The Inflation Death Spiral has Begun: Inflation Hits Stocks, Bonds and Government Like a Bomb Cyclone

One or two dimwits told me I was stupid to be thinking inflation would be the driving force of 2021 due to shortages and Fed money printing. The cockiest one even assured me his second-grade education in economics said inflation wasn’t even happening, yet inflation has relentlessly surged higher every month to finally now hit a forty-year high:

That is pretty good for something that wasn’t even happening. This flickering bulb, of course, thought I was even stupider to believe inflation could damage the stock market! Yet, on Wednesday, stocks and bonds became all about inflation. So did politics. So did reassurances from former Feds who should best be known for the gap in their understanding that exists between the intention of their policies and what actually comes out of them.

One has only to remember President Biden’s Treasury Secretary, Janet Yellen, assuring us all there would never be another financial crisis in her lifetime, only to see the nation plunge two years later into a crisis that is still gaping open like a split rib cage, trillions of Fed rescue dollars later still not sopping up all the blood.

Apparently, Yellen did not expect to live as long as she has when she made that comment, which was patently ridiculous at the time she made it. It was as absurd as her concurrent claim that the Fed’s tightening in 2018 would be as boring as watching paint dry and, so, would continue for a few years on autopilot.

Uh huh.

Instead, the Fed’s QT rankled the market all year, then plunged in the last quarter of the year into a negative market close. That crash stopped at 20% down only because the Fed indicated it would rapidly pull the plug on the autopilot and turn things back around. You see, once again the people who think they are so smart based on their education or position have turned out repeatedly to be the dimmest of all.

So, believe Yellen now if you want to:

Yellen Says Fed Wouldn’t Allow Repeat of 1970s-Level Inflation

Treasury Secretary Janet Yellen repeated her view that elevated U.S. inflation won’t persist beyond next year and said the Federal Reserve will act if needed to prevent a rerun of 1970s-style price rises. “I’d expect price increases to level off, and we’ll go back to inflation that’s closer to the 2% that we consider normal”


… but that is pretty poor assurance. The only way the Fed can act is to tighten faster and harder, and that will destroy the fractured recovery it has attempted to build, which is what I’ve been predicting all along: Either inflation tears the whole economy apart, or it forces the Fed to tear the economy apart by tightening in order to curtail the monster they have helped set in motion.

The vicious cycle begins while Fed is out to lunch

Inflation becomes self-reinforcing when it starts running faster than gains in wages, causing people to push hard for wages to keep up, driving up the cost of everything all over again.
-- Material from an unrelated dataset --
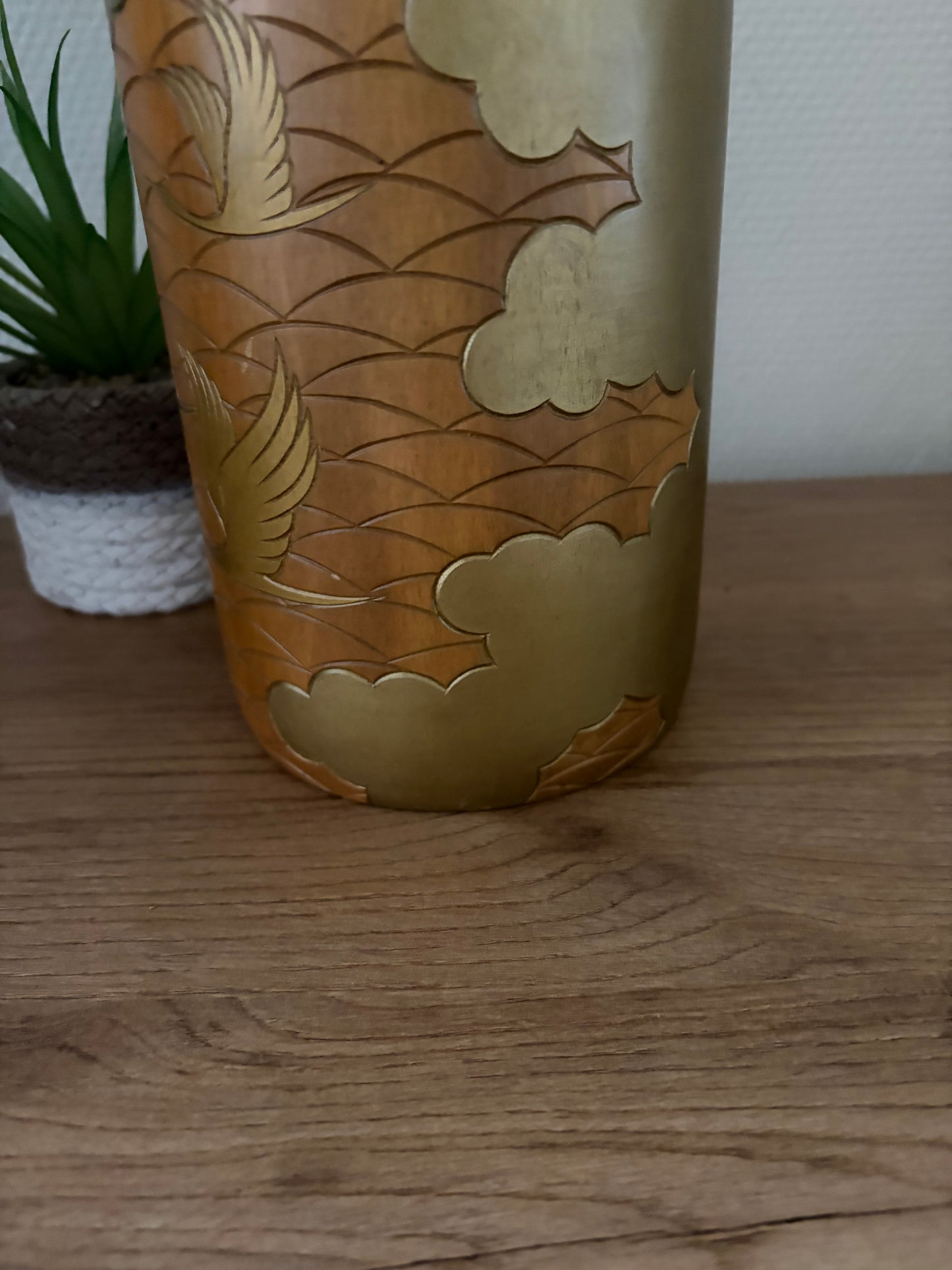 Rare vintage Sosaku kokeshi by Takashi Yoshida (1948-2007)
Yellen, who was chair of the Fed from 2014 to 2018, said the high inflation that persisted through parts of the 1970s and 1980s occurred “because people thought that policy makers wouldn’t bring it to an end, and inflation expectations became embedded in the American psyche. That isn’t happening now and the Federal Reserve wouldn’t permit that to happen.

Uh huh.

And horses are born pink and sparkly with a tiny horn and can fly if you only believe. Inflation expectations are going to start becoming embedded as of right now. Yellen’s comment is like the one I’ve often ridiculed her predecessor, Ben Bernanke, for when he proudly proclaimed there was no recession in sight; but, as it turned out when the stats finally came in, he was already standing knee-deep in the middle of one.


Such is the work of our top economists as well as those who take their second-rate or second-grade education too seriously. It’s why I started writing The Great Recession Blog in the first place to counter all the retarded things I was hearing out of economists and to speak into the vacuum of foresight that existed among nearly all of them who didn’t see that recession coming, and who don’t see this one coming either. As I recently wrote,

What few of the gurus are telling you, which I will, is that we’ll be in a recession by sometime this winter.
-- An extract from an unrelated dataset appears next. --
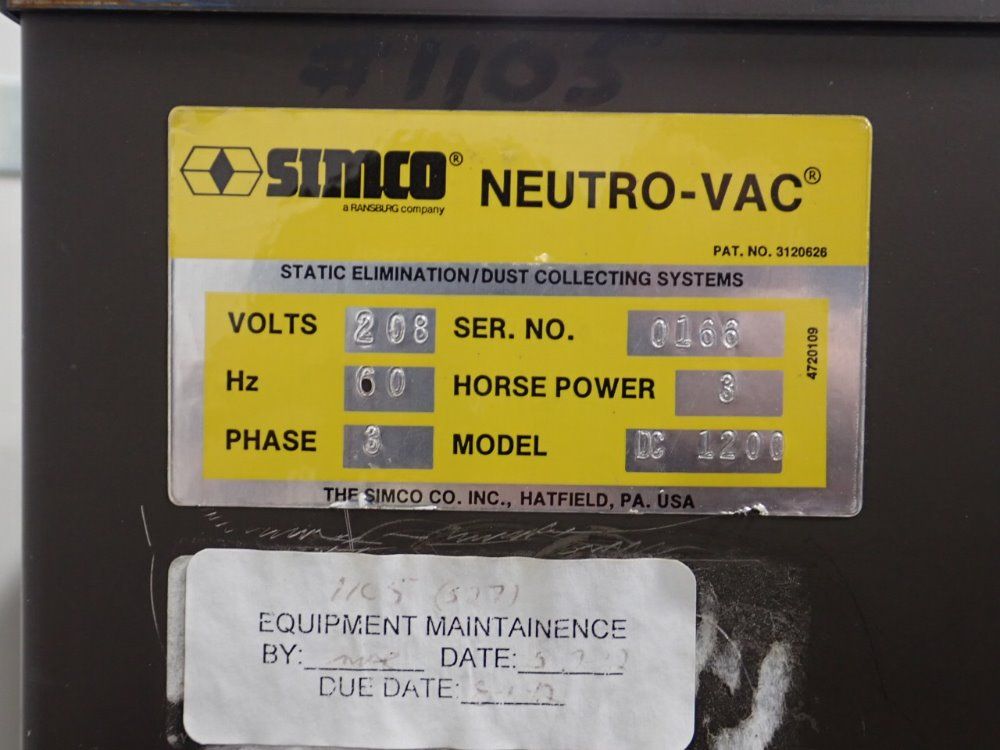 Simco Dust Collector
Warning Signs of Recession in GDP and Especially its Components

You can wait for the experts with the economic credentials to warn you after it begins, or you can be forewarned here. I hope that my warnings this fall have, at least, helped some of my readers put a little hedge on high inflation by stocking up on the things you know you will use in the months ahead for those days when shortages may come to your favorite goods. Not only will you have some of what you need, but if the shortage doesn’t come, you will have bought it at a much better price.
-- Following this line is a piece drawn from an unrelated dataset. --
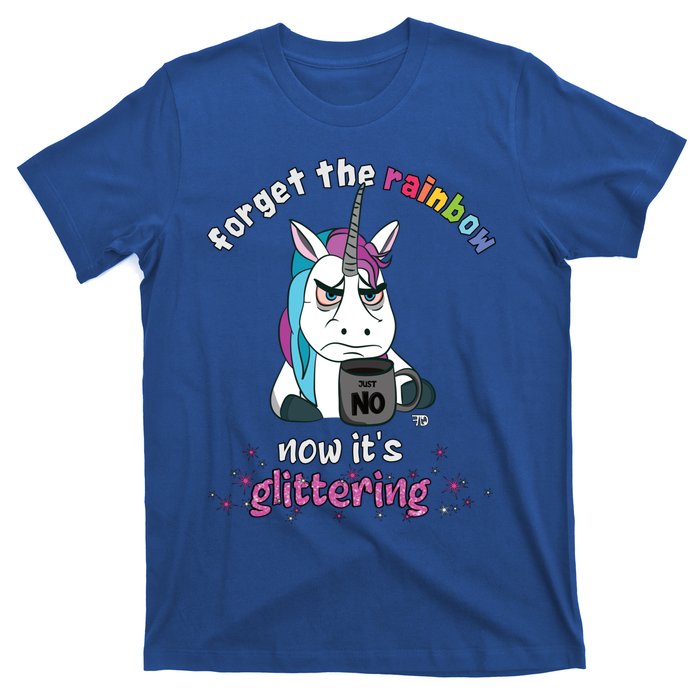 Now Its Glittering Funny Fierce Unicorn With Mug Gift T-Shirt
It’s already getting a little late to get a jump on the inflation-fearing crowd:

Inflation-Pinched Shoppers Are Turning To Discount Stores Ahead Of The Holidays

U.S. consumers are increasingly shopping at discount stores, a sign that families are feeling the pinch from highest inflation since the 1990s as the holiday season approaches. Spending at discount stores was up 65% last week compared with 2019, and 21% from the prior week…. The discount-stores category, which includes Dollar Tree Inc. and Five Below Inc., had the largest increase by far among all types of retailers…. The sharp uptick suggests that consumers, especially lower-income households, sought lower prices wherever they could find them last week.

Financial Advisor

That is a strong sign the cycle Yellen says isn’t happening and won’t happen and will be prevented by the Fed before it happens has already begun. People are significantly changing their buying habits already. The change in the body politic suddenly has the politicians who readily inhaled the Fed’s froth to claim inflation wasn’t worth worrying about because it was only transitory now paying rapt attention to inflation front and center.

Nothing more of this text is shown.